Example 1: Singular homology

Let $e_0,\dots ,e_{N–1}$ be the standard basis of $ℝ$. The standard $n$-simplex is $${\Delta }_n=\{x_0{e}_0+\cdots +x_n{e}_n\mid x_0+\cdots +x_n\le 1\},\text{with faces defined by}{\iota }_j:{\Delta }_{n-1}⟶{\Delta }_n$$ where ${\iota }_j(x_0{e}_0+\cdots +x_{n-1}{e}_{n-1})=x_0{e}_0+\cdots +x_{j-1}{e}_{j-1}+x_j{e}_j+x_j{e}_{j+1}+\cdots +x_{n-1}{e}_n$.

Let $X$ be a topological space and let $𝔸$ be a ring. The singular homology of $X$ is the homology $H_i(X;𝔸)$ of the complex with $$C_n(X;𝔸)=𝔸\text{-span}\left\{e_f\right|f:{\Delta }_n⟶X\text{ is continuous}\}\text{and}d:C_n(X;𝔸)⟶C_{n-1}(X;𝔸)$$ given by $$d\left(e_f\right)=\sum _{j=1}^n{(-1)}^j{e}_{f\circ i_j}$$ If $Y$ is a subspace of $X$ let $C(X;Y;𝔸)=C(X;𝔸)/C(Y;𝔸)$ so that $$0⟶C(Y;𝔸)⟶C(X;𝔸)⟶C(X;Y;𝔸)⟶0$$ is an exact sequence of complexes.

Example 2: Cell complex homology

Let $B_n$ be the $n$-dimensional open ball in ${ℝ}^n$.

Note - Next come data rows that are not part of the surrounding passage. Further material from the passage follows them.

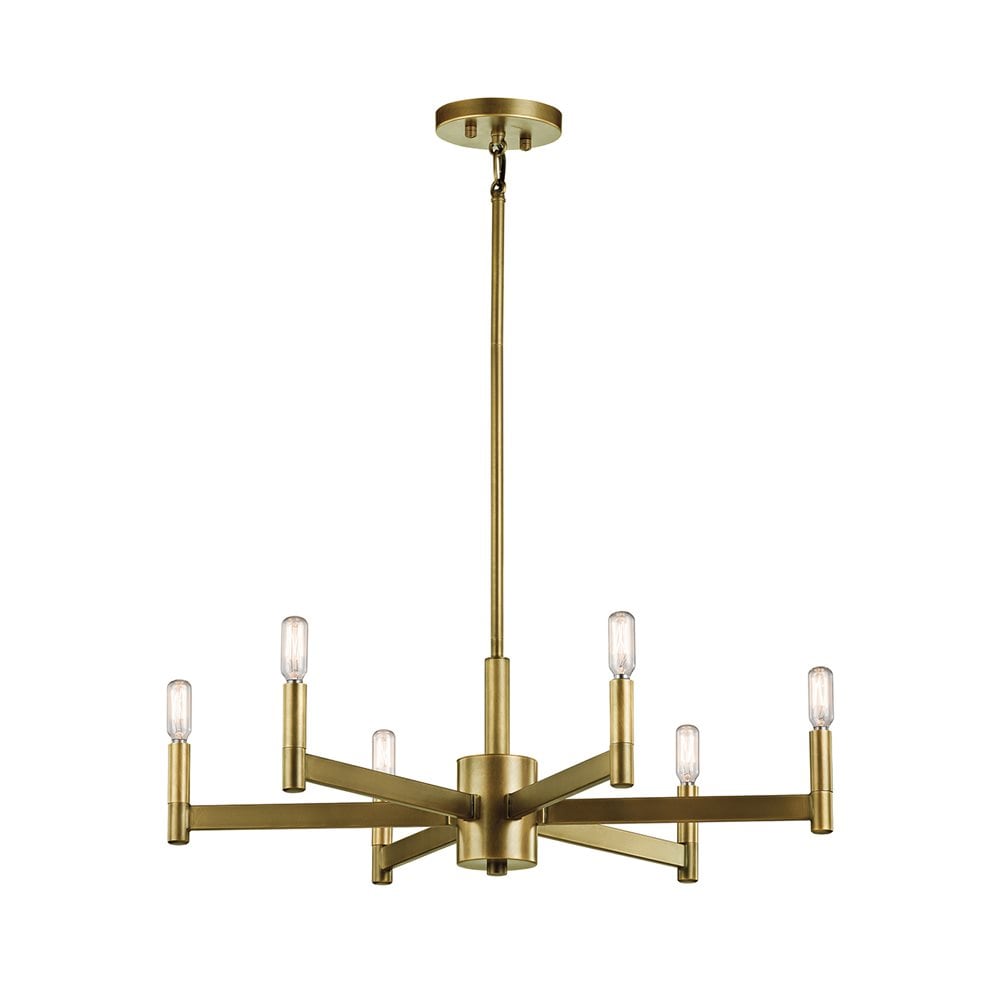 Kichler Erzo 6 -Light Gold Modern/contemporary For Use in Bedrooms, Dining Rooms, Foyers, Kitchens, Living Rooms Chandelier 1252742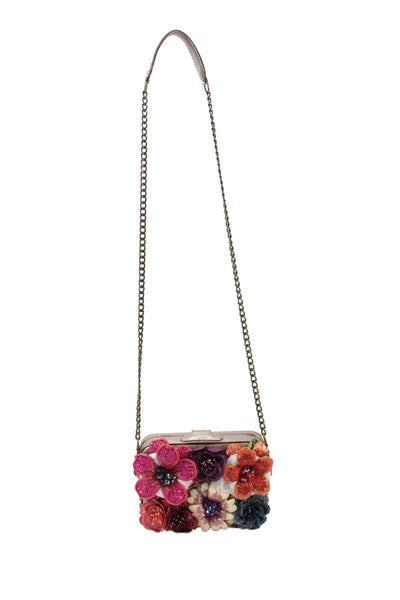 Mary Frances Womens Beaded Floral Snap Closure Shoulder Bag Multicolor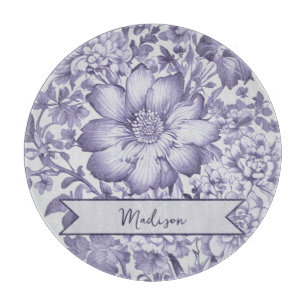 Purple Vintage Chinoiserie Floral Personalised Cutting Board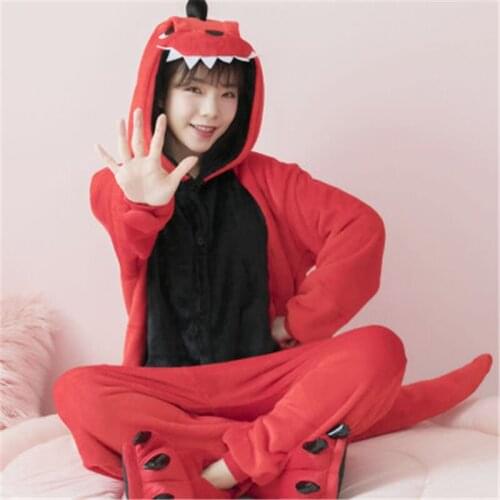 Flannel Kigurumi Dinosaur Onesies For Adults Hooded Long Sleeve Dinosaur Pajamas Overall Whole Onepiece Animal Pajamas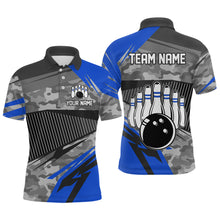 Load image into Gallery viewer, Blue Camo Bowling Shirts for Women Men Custom Team Bowling Polo &amp; 1/4 Zip Shirt MBL61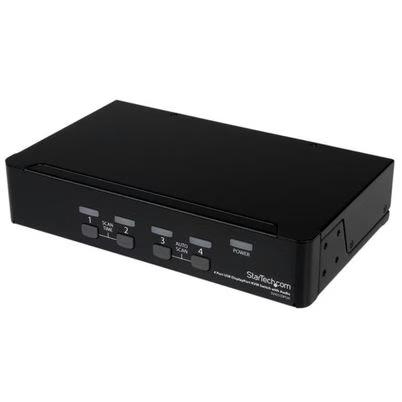 Switch Conmutador Startech.Com Sv431dpua Resolucion (3840x2400) 4 Puertos Displayport Usb Acero Negro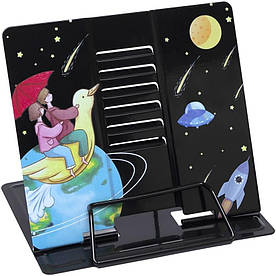 Підставка для книжок металева, Bambi Політ на гусці чорна 21х20 см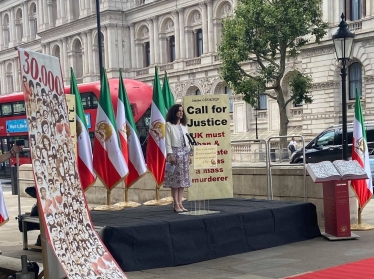 Theresa Villiers addresses rally for human rights in Iran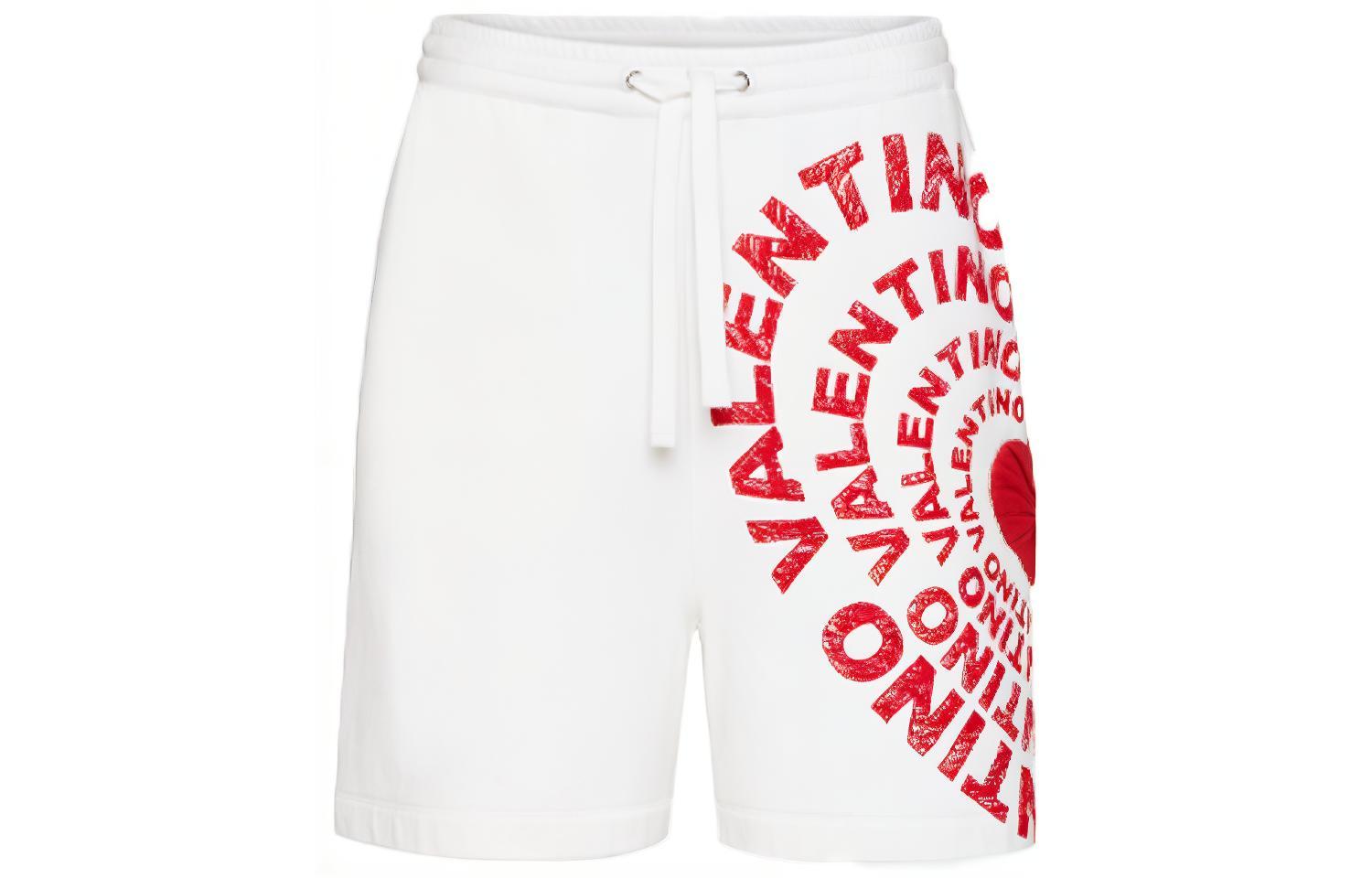Valentino Qixi Limited FW21 Heart Print Bermuda Shorts White . WV3MD03F7SCA33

Let $X$ be a Hausdorff topological space. A cellular decomposition of $X$ is a sequence $\varnothing \subseteq X_0\subseteq X_1\subseteq \cdots \subseteq X_N=X$ of closed subspaces of $X$ such that, for each $n$, $X_n-X_{n-1}$ has a finite number of connected components and, for each connected component $C$ of $X_n-X_{n-1}$ there is a homeomorphism $B_n\stackrel{\sim }{⟶}C$ which extends to a continuous map $\overline{B_n}⟶X$.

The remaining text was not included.